┌─ Material shown
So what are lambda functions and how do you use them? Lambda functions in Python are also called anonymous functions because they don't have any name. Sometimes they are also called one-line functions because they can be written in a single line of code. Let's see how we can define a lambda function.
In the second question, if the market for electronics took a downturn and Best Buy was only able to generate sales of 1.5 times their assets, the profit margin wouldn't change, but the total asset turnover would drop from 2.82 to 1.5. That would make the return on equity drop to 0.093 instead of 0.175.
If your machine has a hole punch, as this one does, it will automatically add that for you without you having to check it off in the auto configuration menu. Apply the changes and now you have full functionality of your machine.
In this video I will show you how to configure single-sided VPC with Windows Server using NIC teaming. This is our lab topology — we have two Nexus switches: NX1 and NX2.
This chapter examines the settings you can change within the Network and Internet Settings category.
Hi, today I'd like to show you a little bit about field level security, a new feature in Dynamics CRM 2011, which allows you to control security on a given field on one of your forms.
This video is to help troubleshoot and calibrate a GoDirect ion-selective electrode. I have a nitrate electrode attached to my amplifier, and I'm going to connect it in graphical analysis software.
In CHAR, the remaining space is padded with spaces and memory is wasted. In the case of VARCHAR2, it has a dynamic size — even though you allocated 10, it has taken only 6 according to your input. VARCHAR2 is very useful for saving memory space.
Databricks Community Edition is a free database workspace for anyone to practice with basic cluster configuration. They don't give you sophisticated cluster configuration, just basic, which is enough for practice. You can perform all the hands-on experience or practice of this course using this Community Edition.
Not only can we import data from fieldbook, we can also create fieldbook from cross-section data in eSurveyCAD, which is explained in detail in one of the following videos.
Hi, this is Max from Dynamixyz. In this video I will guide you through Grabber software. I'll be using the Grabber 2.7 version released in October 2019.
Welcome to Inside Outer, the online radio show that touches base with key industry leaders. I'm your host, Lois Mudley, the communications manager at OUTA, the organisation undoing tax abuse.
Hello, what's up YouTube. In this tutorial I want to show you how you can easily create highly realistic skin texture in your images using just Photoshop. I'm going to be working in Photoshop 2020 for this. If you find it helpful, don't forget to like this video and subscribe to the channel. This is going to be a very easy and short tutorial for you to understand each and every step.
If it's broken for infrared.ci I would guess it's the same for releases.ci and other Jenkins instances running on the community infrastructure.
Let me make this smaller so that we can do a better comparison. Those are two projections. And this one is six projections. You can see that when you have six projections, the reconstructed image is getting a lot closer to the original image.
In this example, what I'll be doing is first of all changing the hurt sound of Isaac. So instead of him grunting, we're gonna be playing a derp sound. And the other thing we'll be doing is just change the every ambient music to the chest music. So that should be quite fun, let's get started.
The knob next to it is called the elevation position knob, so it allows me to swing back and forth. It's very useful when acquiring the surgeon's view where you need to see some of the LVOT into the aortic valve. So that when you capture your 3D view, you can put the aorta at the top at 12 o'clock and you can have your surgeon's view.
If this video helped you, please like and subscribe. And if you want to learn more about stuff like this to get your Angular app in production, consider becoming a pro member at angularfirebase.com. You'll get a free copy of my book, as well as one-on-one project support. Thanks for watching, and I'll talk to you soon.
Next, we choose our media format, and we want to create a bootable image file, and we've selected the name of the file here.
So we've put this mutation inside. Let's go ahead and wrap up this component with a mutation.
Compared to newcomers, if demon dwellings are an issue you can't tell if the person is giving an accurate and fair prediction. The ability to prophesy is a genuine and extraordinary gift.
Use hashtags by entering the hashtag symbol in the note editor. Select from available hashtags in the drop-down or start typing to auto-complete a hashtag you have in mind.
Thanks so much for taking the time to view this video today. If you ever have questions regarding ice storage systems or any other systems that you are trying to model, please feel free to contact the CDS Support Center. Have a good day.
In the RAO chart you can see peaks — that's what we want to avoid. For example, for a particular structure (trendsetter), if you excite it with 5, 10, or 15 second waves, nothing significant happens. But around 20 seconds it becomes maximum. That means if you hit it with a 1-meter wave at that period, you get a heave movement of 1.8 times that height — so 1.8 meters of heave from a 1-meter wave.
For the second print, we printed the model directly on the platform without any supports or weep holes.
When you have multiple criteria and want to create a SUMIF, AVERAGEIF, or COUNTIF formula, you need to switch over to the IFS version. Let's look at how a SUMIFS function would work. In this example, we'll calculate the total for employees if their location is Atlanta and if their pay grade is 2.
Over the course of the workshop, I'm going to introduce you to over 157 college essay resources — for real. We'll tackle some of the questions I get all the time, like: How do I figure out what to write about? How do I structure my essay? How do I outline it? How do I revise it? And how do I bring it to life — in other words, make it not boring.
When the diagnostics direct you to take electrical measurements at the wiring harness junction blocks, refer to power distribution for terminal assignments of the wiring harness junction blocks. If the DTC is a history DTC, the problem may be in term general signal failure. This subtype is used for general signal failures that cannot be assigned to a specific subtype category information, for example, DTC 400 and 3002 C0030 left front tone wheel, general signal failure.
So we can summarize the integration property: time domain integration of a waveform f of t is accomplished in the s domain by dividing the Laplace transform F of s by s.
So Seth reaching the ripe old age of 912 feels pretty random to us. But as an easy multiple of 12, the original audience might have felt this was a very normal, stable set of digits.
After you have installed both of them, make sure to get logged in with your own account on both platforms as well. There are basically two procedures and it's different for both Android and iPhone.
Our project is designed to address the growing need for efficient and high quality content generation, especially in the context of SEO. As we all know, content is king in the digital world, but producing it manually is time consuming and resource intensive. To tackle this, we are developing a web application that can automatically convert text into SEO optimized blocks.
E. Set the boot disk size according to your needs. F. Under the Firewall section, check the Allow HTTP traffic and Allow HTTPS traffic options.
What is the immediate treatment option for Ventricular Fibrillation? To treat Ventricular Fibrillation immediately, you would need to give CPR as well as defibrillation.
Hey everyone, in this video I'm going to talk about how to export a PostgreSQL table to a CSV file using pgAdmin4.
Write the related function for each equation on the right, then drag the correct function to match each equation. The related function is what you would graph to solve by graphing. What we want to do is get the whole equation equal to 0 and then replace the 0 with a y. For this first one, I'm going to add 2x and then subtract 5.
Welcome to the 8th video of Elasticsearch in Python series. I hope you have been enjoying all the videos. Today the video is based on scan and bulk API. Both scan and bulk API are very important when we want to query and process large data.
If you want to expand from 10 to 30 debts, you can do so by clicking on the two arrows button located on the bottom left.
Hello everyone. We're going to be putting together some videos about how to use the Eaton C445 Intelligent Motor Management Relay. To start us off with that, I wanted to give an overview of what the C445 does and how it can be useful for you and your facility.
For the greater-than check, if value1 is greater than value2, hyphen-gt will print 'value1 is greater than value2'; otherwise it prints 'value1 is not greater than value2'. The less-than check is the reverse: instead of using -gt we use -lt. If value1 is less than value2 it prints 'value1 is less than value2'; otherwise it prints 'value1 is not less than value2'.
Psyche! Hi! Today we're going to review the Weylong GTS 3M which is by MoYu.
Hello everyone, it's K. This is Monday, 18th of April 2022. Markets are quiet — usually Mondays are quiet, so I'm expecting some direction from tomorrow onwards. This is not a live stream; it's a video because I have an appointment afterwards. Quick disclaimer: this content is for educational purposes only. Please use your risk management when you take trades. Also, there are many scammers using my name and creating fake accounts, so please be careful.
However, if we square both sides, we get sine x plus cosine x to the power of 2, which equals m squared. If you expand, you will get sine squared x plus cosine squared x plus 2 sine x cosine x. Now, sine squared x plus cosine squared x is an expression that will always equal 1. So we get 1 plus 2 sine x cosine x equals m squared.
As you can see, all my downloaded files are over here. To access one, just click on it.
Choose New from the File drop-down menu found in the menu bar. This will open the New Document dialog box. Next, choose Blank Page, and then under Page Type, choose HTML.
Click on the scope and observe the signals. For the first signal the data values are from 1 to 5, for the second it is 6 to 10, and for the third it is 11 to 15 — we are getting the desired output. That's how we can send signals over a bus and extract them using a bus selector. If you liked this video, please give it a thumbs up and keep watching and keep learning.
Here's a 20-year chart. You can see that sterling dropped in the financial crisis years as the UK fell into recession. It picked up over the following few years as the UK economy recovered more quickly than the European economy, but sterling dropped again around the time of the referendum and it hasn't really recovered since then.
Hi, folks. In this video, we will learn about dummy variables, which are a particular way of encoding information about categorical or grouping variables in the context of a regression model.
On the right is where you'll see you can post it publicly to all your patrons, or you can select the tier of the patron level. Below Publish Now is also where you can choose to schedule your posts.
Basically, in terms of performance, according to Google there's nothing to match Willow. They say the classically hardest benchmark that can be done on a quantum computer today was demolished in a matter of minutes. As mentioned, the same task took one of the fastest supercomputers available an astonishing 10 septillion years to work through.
└─
## Directions
Using the records above, copy every line that has the word "watching" in it.

## Answer section
If this video helped you, please like and subscribe. And if you want to learn more about stuff like this to get your Angular app in production, consider becoming a pro member at angularfirebase.com. You'll get a free copy of my book, as well as one-on-one project support. Thanks for watching, and I'll talk to you soon.
Click on the scope and observe the signals. For the first signal the data values are from 1 to 5, for the second it is 6 to 10, and for the third it is 11 to 15 — we are getting the desired output. That's how we can send signals over a bus and extract them using a bus selector. If you liked this video, please give it a thumbs up and keep watching and keep learning.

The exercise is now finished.